Searching the material below, find each line that includes the word "Quilted", and copy it.

Dataset entries:
━━━━━━━━━━━━━━━━━━━━━━━━━━━━━━

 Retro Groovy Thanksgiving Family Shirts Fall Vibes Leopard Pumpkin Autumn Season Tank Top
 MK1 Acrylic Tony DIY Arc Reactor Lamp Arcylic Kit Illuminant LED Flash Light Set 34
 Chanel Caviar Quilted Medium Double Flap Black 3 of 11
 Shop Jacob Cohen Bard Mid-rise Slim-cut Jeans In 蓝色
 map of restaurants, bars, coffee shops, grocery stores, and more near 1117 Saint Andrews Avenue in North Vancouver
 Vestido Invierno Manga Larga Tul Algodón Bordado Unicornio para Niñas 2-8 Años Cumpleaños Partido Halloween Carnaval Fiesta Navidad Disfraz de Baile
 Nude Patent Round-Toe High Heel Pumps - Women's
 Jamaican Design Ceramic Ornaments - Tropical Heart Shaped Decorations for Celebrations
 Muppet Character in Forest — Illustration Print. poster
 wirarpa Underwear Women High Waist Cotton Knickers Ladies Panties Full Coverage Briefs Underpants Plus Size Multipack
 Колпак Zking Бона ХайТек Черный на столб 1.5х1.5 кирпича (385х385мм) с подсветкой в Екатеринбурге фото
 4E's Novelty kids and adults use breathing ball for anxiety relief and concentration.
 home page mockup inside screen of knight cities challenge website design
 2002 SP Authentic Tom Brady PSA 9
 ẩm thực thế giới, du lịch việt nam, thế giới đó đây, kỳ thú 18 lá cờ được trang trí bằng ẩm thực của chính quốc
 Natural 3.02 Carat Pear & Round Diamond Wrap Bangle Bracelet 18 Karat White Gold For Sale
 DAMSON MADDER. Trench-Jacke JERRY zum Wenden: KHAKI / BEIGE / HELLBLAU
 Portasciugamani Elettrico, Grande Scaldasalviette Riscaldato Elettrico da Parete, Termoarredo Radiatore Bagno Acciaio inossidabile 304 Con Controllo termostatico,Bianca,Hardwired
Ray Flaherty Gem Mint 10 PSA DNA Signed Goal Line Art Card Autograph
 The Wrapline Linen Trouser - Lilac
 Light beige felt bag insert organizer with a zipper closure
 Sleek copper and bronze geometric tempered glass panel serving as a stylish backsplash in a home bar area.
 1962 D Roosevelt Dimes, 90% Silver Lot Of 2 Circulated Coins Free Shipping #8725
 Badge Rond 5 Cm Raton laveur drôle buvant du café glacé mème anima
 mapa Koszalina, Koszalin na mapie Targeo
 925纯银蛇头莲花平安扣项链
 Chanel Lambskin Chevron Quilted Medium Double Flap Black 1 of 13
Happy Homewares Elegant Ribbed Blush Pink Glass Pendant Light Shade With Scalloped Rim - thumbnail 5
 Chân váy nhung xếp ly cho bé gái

━━━━━━━━━━━━━━━━━━━━━━━━━━━━━━

Task solution:
 Chanel Caviar Quilted Medium Double Flap Black 3 of 11
 Chanel Lambskin Chevron Quilted Medium Double Flap Black 1 of 13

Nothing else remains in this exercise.